W Krakowie po czterech wybuchach i pięciu rannych osobach w ciągu trzech tygodni nadal panuje strach. Policyjna specgrupa robi wszystko, by jak najszybciej złapać człowieka terroryzującego południowe dzielnice miasta – zapewniają funkcjonariusze. Tymczasem mieszkający niedaleko jednej z ofiar wybuchu mężczyzna poinformował dziś reportera TVN, iż trzy razy dzwonił na policję, prosząc o interwencję w sprawie podejrzanego osobnika kręcącego się koło posesji jego sąsiada. Bez skutku.

- Jeszcze przed pierwszym wybuchem mówiłem o człowieku, który miał jakiś pakunek czy worek – zapewnia informator.

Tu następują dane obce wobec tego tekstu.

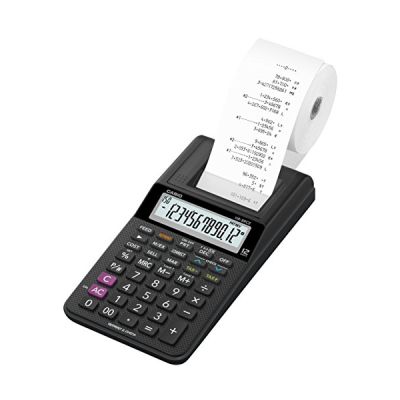 image Casio HR-8RCE-BK Calculatrice d'écriture Portable, Affichage à 12 Chiffres, Fonctions de Vérification et de Correction, Fonctions après Impression et Réimpression, Blister, Noir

To na podstawie jego zeznań sporządzono jeden z opublikowanych portretów pamięciowych poszukiwanego.

- To dla nas nowe informacje – zapewniała Katarzyna Cisło z biura prasowego Komendy Wojewódzkiej Policji w Krakowie. - Będziemy to sprawdzać. Jeśli ta osoba dzwoniła na telefon alarmowy, nagrania odszukamy. Dodała też jednak, że jeśli do tej interwencji doszło jeszcze przed pierwszym wybuchem, być może rzeczywiście po prostu zdarzyło się tak, że akurat wszystkie radiowozy były w terenie.

Nad sprawą bombera, który terroryzuje Kraków, pracują pirotechnicy, funkcjonariusze Centralnego Biura Śledczego, prokuratorzy i Agencja Bezpieczeństwa Wewnętrznego. Wzrosła także nagroda za udzielenie informacji, która może pomóc w złapaniu sprawcy - z 20 do 30 tys. zł.